Zillah Eisenstein

My writings, thoughts, and activism.


Celebratory Statements/Testimonials

Poem–Michelle Berry

OPENING

I have opened for and written original poetry and song for Howard Zinn, Nikki Giovanni, Father Daniel Berrigan, Dorothy Cotton, Maya Angelou and His Holiness the 14th Dalai Lama…but when asked if I might compose something for Zillah on this auspicious occasion…well, that particular task gave me the most pause.

I began the process by gathering hopes, memories and her many writings from my library…

I first met Zillah when she had a cast on her leg and we both posed in the nude for a local arts charity.

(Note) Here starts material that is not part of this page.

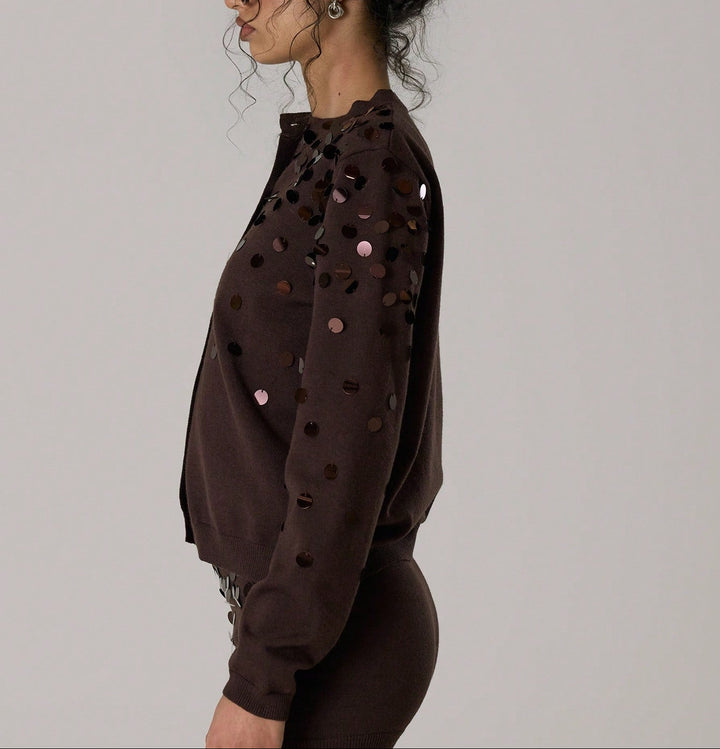 SHEIN gombos blúz, barna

Trust me; it’s not as juicy as it sounds.

I thought of Zillah several months ago at a reading I gave, during which a white woman asked me what I more identified with—my gender or my race— and that she was glad that I could ‘overcome’ my race. I tried to explain that they were inseparable…and then another in the room that reminded me that she had more privilege than I did. And I thought, I must make sure Zillah is at all my future readings!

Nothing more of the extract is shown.